▸ **Task goal**
Some entries follow. Reproduce exactly the lines starting at the one with "COUNTERPAIN COOL 5GR" and stopping after the one with "Reader (Chang Han-Yoon)".

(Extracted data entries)
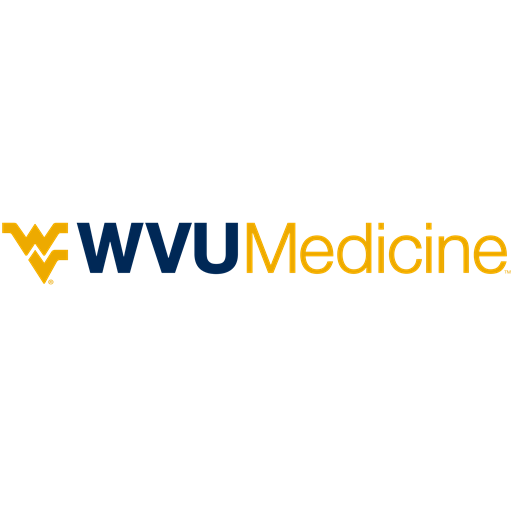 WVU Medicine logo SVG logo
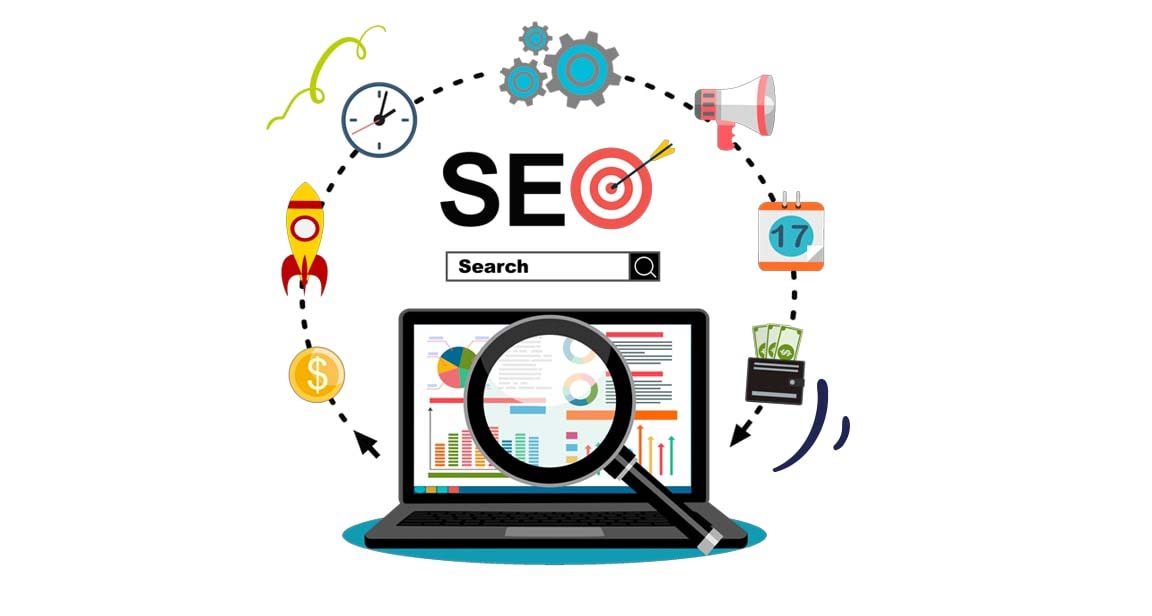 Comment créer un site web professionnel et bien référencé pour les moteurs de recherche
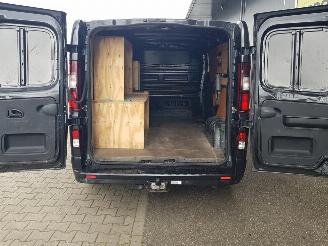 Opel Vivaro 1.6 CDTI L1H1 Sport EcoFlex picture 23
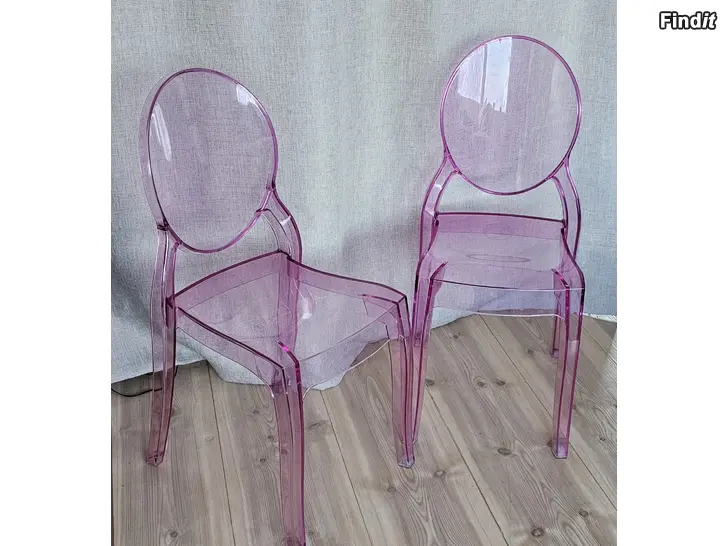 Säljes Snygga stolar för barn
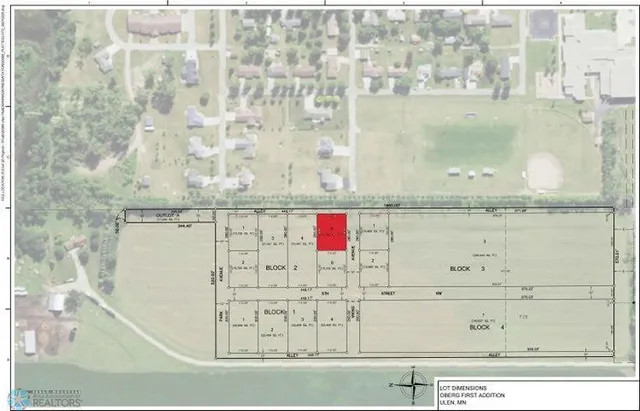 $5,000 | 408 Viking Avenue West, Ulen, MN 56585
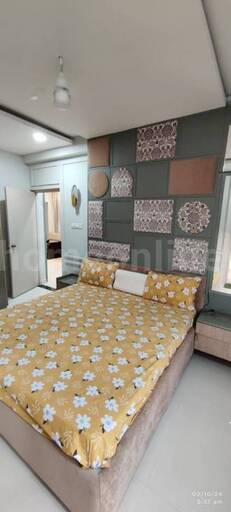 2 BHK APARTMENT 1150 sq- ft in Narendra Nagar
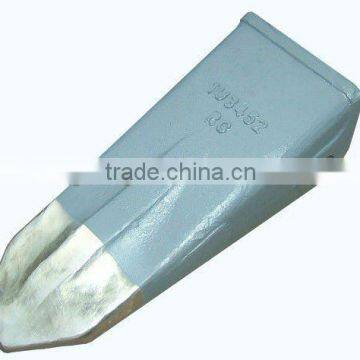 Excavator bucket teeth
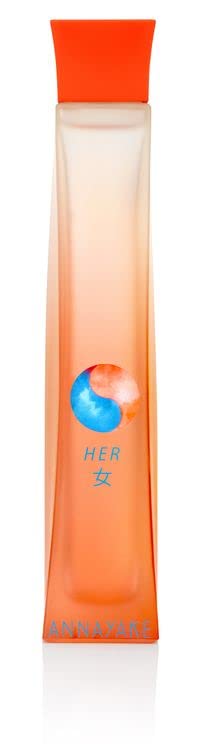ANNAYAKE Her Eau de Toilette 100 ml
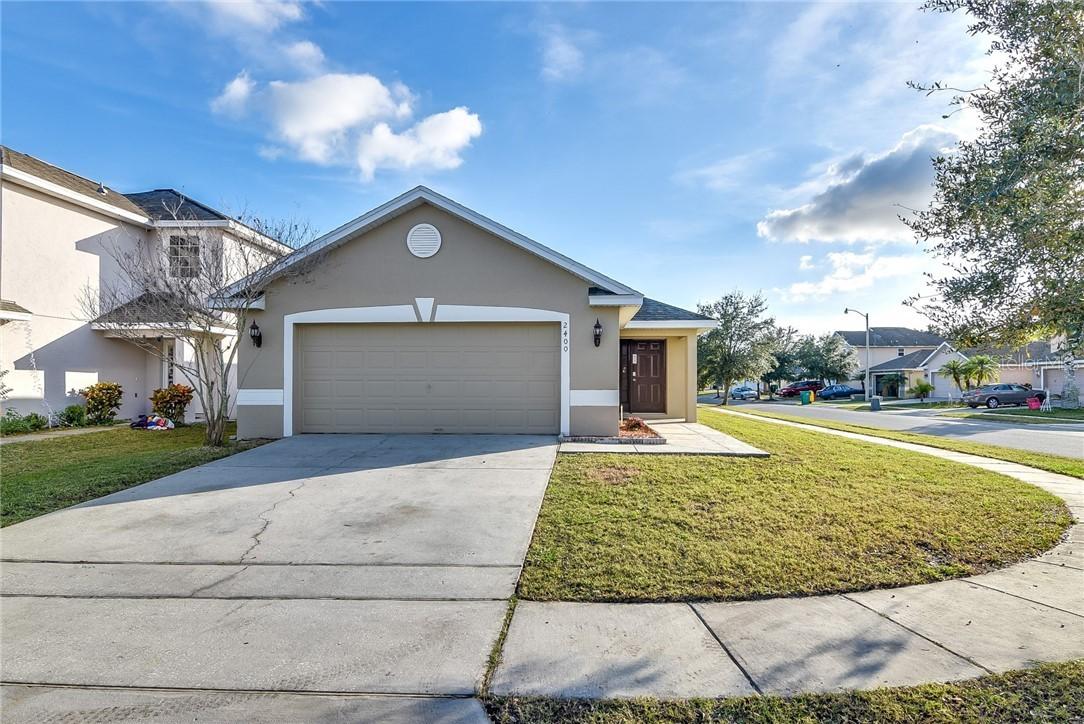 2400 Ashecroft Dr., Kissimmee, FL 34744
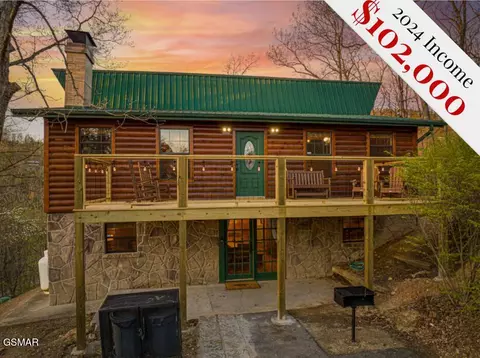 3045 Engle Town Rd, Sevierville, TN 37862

* * *

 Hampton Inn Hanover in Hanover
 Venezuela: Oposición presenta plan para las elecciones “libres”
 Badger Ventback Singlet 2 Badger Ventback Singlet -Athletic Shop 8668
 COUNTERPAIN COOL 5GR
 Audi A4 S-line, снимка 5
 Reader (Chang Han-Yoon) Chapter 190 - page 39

...

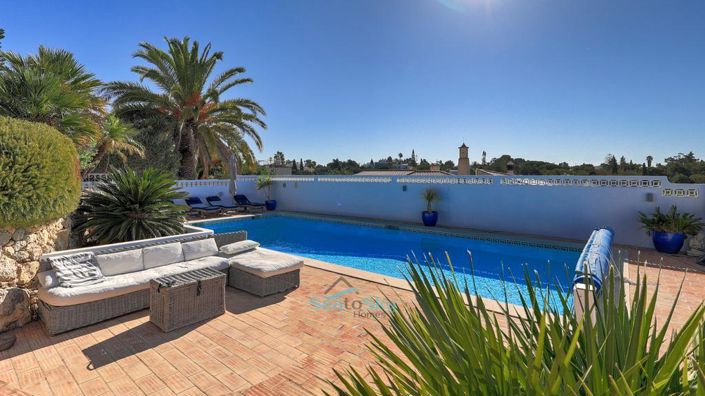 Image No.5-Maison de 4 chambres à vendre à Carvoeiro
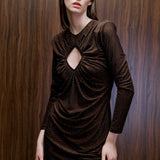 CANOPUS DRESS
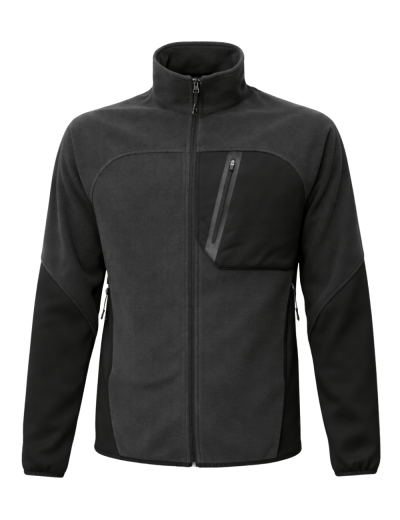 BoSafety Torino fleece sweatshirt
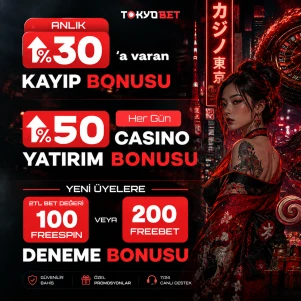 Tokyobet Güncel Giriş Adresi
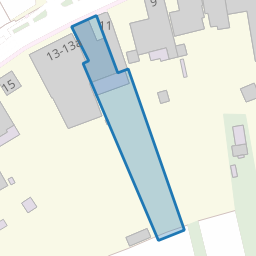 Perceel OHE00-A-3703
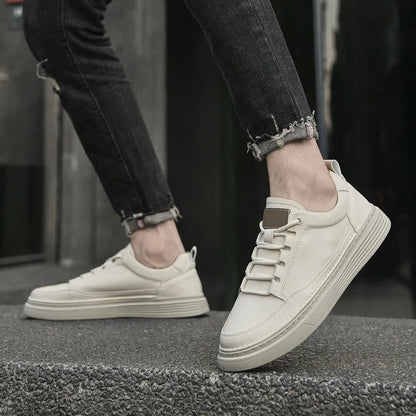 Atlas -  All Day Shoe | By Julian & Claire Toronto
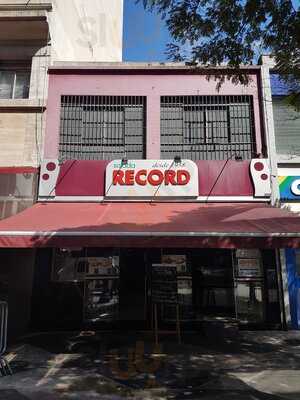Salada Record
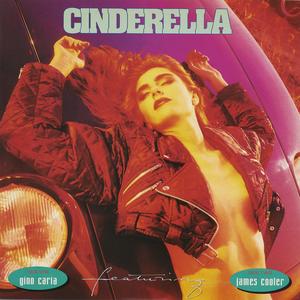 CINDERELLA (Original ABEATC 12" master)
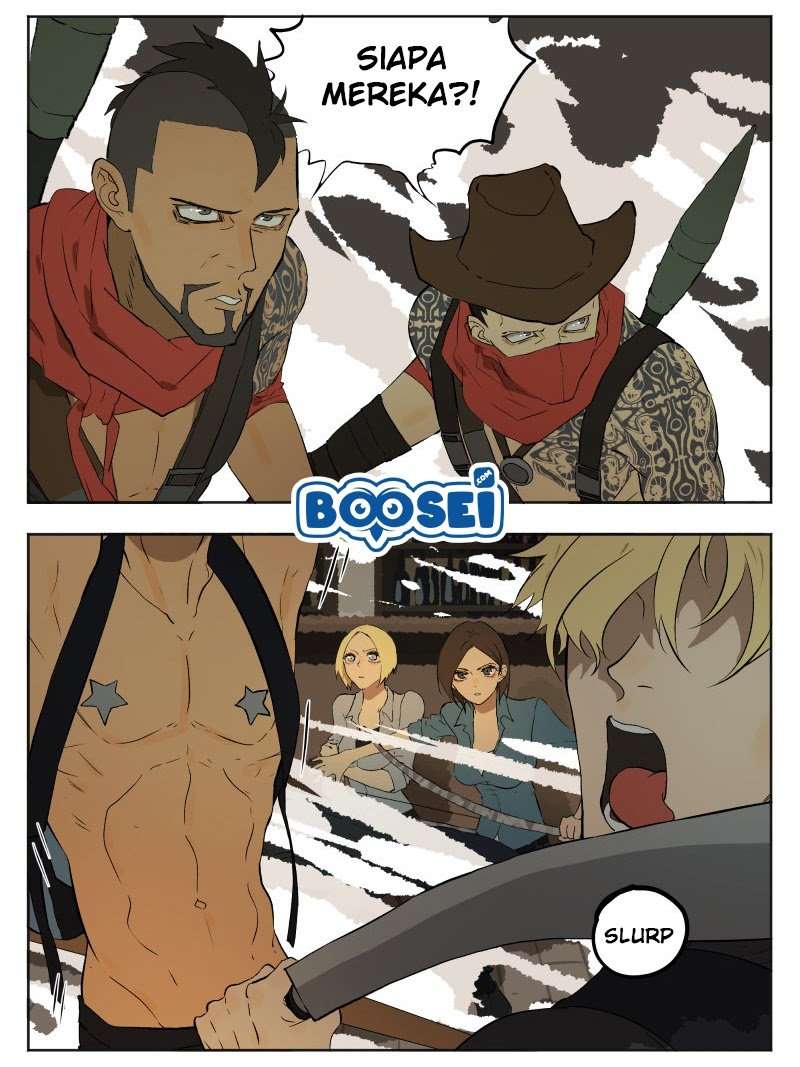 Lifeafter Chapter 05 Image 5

▸ **Task solution**
 COUNTERPAIN COOL 5GR
 Audi A4 S-line, снимка 5
 Reader (Chang Han-Yoon) Chapter 190 - page 39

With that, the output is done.